• **TASK PROMPT**
What is needed is an exact reproduction of the lines from the one that contains "2026 Dagboek - Professionele" through the end of the data, both included and nothing else, with pictures omitted.

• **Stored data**

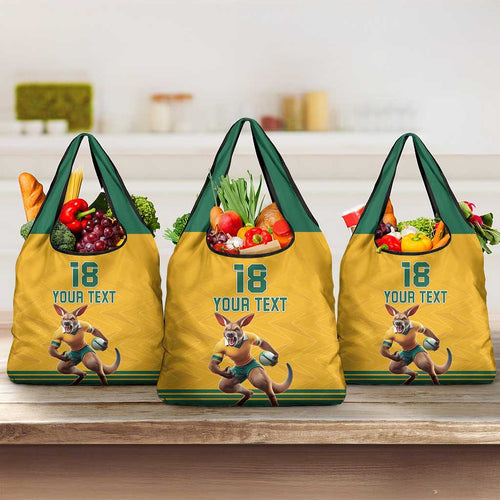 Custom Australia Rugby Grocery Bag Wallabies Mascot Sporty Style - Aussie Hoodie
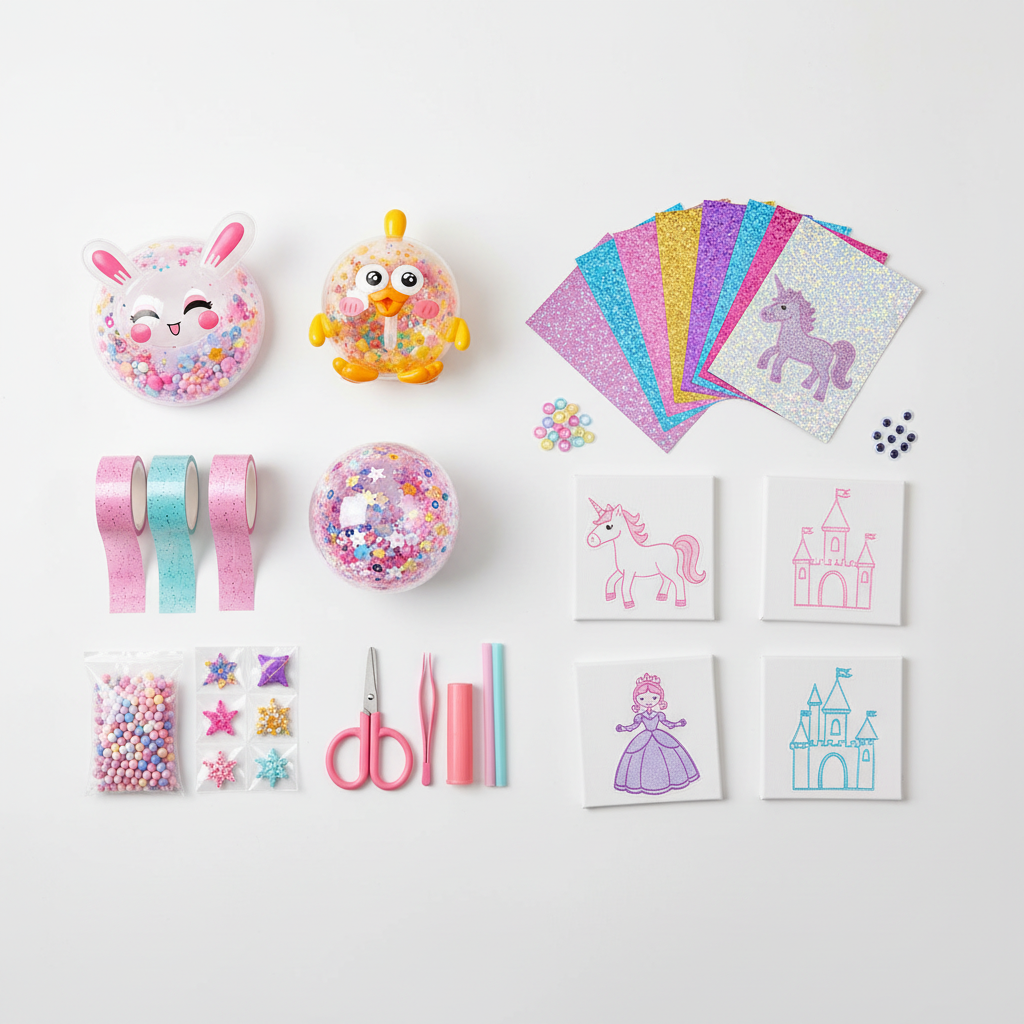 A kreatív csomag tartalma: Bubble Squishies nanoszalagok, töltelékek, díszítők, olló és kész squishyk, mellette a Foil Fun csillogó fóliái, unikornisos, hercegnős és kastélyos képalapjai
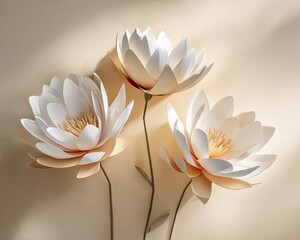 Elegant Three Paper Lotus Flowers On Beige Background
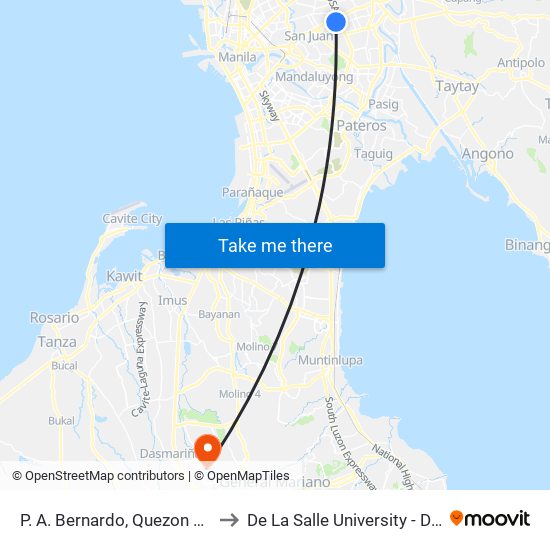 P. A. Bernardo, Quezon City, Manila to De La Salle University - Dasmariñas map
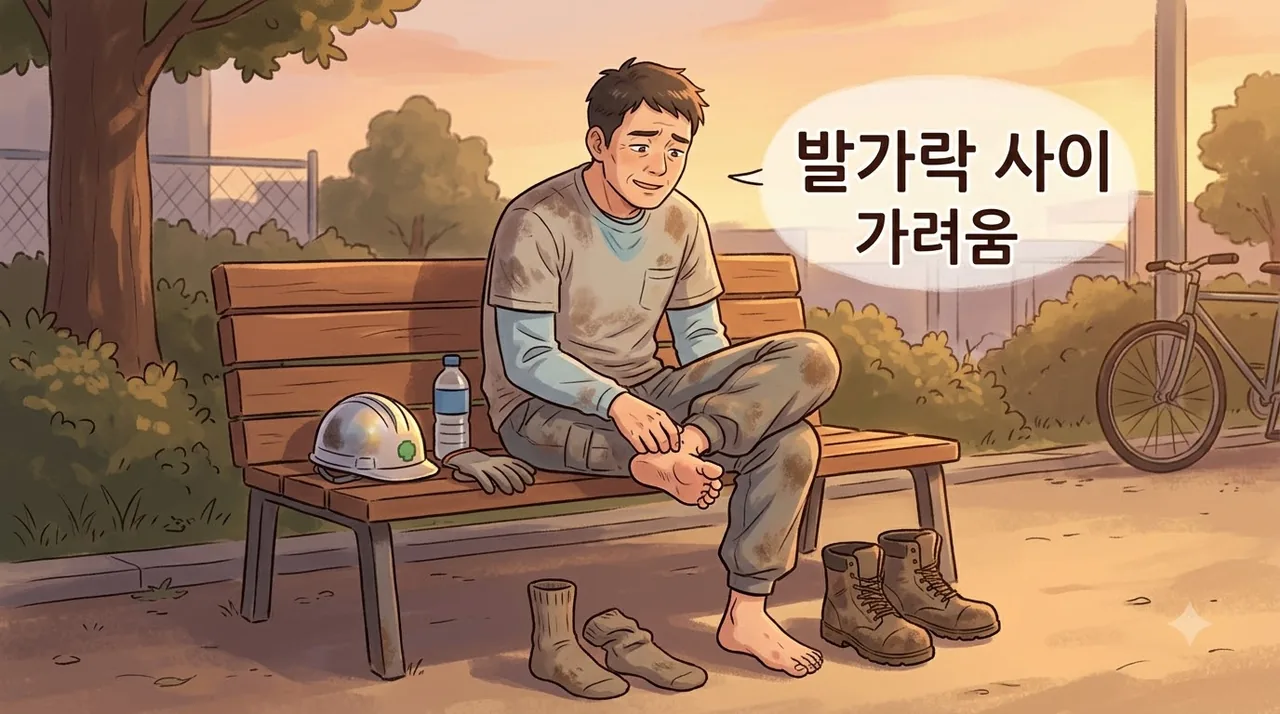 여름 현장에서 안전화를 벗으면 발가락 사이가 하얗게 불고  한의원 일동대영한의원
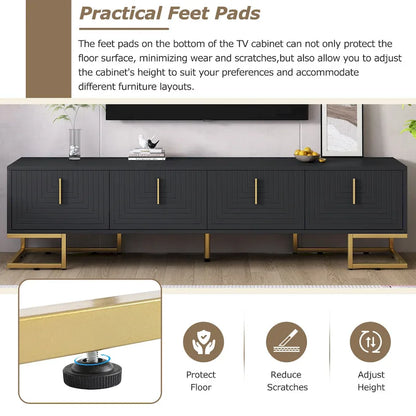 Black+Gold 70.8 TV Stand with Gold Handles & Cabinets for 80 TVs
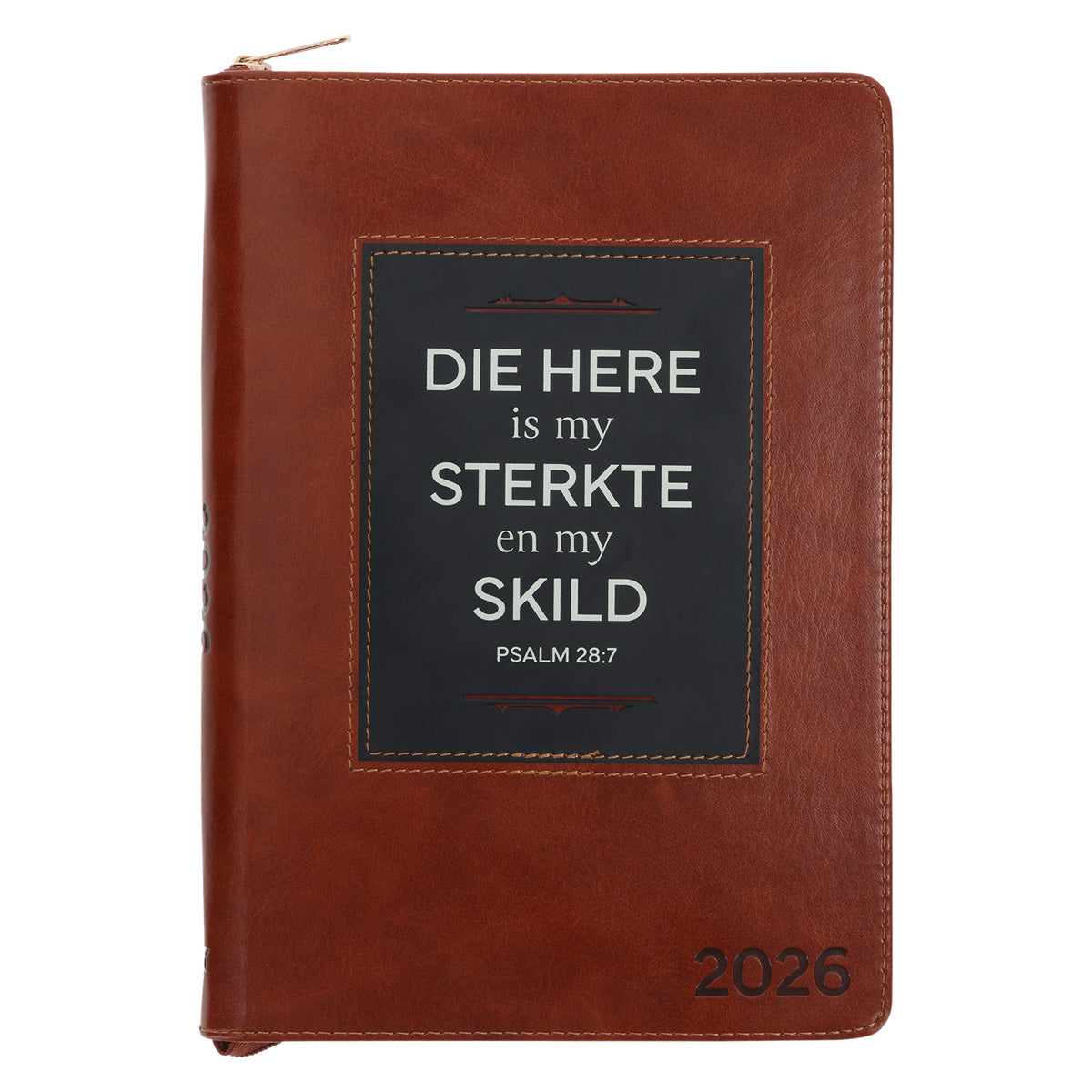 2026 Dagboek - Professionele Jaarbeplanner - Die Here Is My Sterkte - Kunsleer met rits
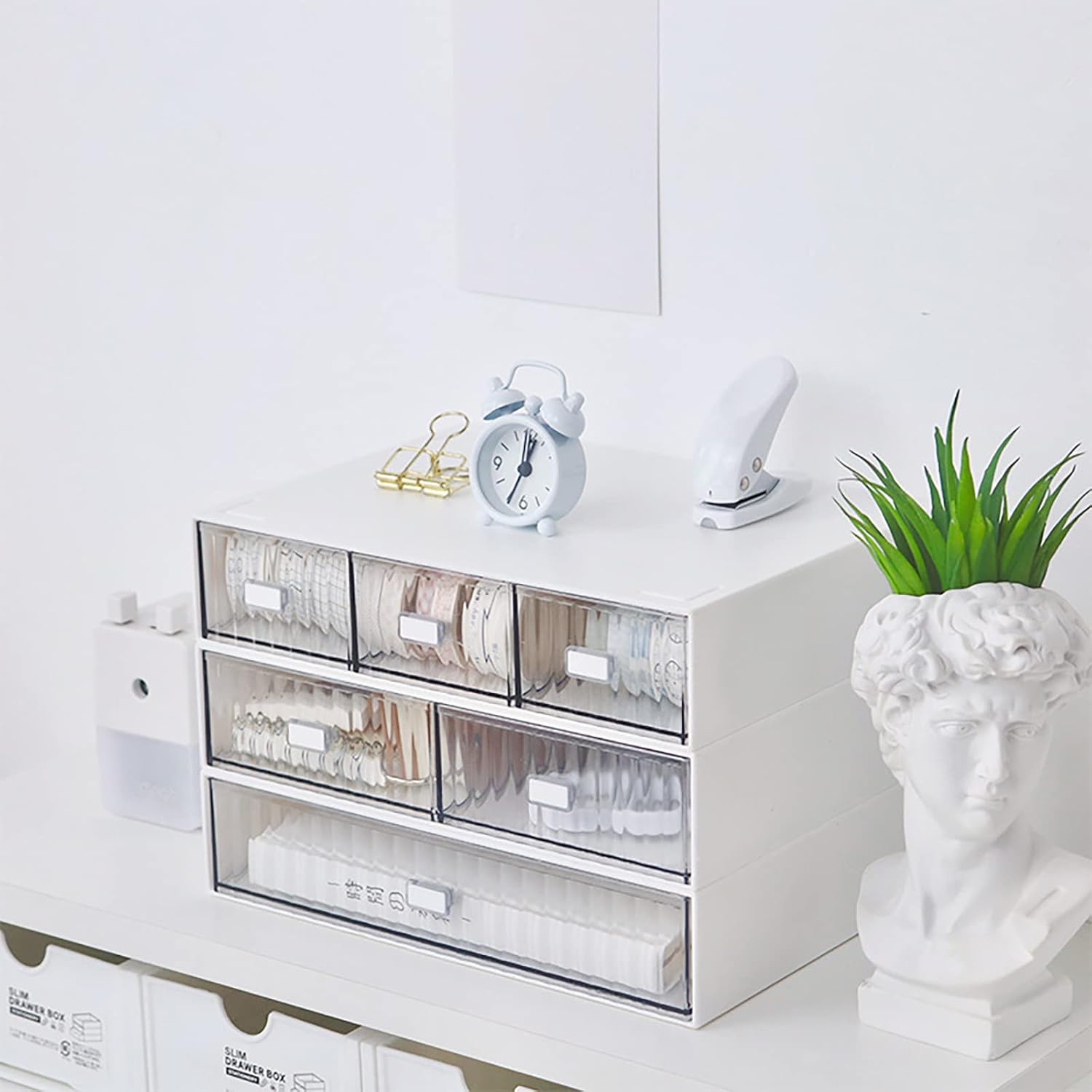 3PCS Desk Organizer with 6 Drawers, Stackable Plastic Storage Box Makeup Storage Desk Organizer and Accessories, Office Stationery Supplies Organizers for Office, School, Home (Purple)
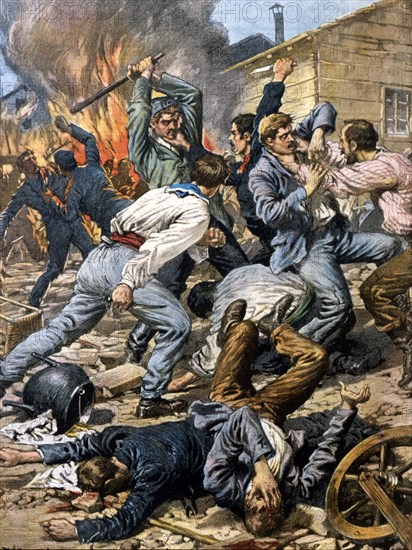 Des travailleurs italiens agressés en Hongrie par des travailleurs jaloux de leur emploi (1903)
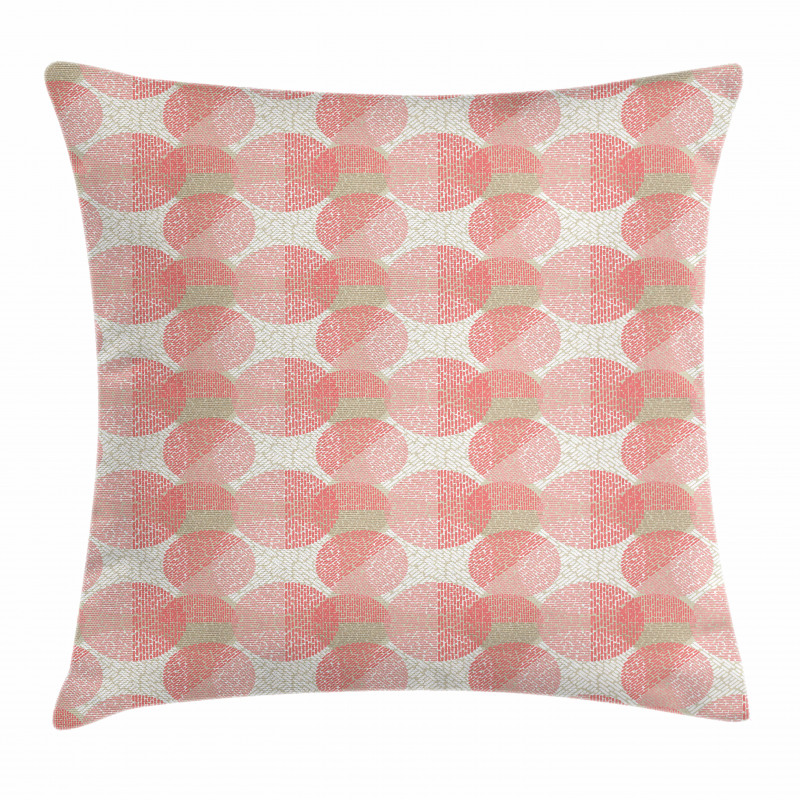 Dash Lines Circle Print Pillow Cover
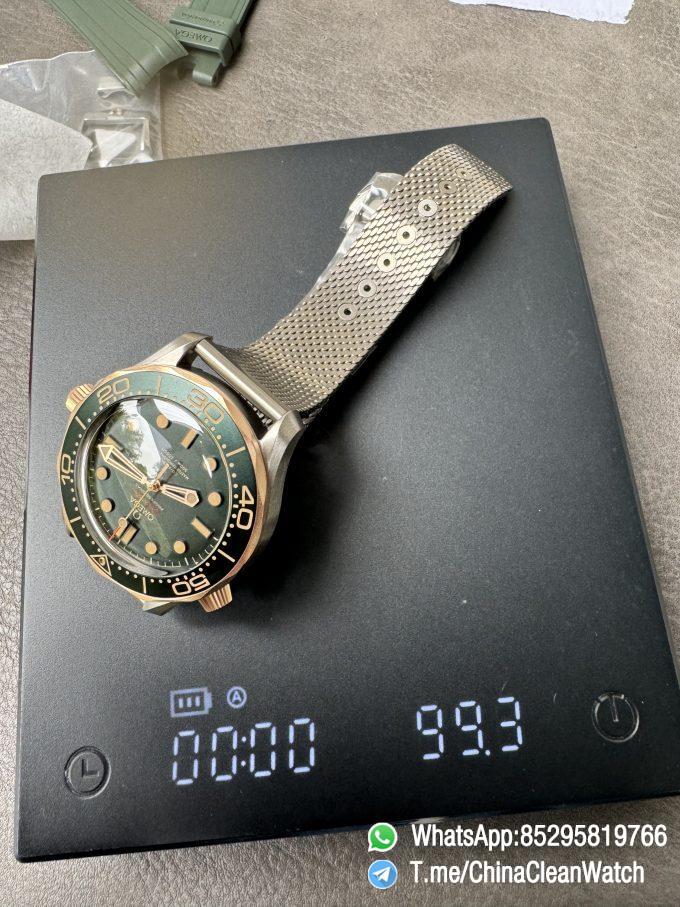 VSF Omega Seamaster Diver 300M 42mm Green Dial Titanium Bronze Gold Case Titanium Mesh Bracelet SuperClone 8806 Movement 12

• **THE COMPLETED TASK**
 2026 Dagboek - Professionele Jaarbeplanner - Die Here Is My Sterkte - Kunsleer met rits
 3PCS Desk Organizer with 6 Drawers, Stackable Plastic Storage Box Makeup Storage Desk Organizer and Accessories, Office Stationery Supplies Organizers for Office, School, Home (Purple)
 Des travailleurs italiens agressés en Hongrie par des travailleurs jaloux de leur emploi (1903)
 Dash Lines Circle Print Pillow Cover
 VSF Omega Seamaster Diver 300M 42mm Green Dial Titanium Bronze Gold Case Titanium Mesh Bracelet SuperClone 8806 Movement 12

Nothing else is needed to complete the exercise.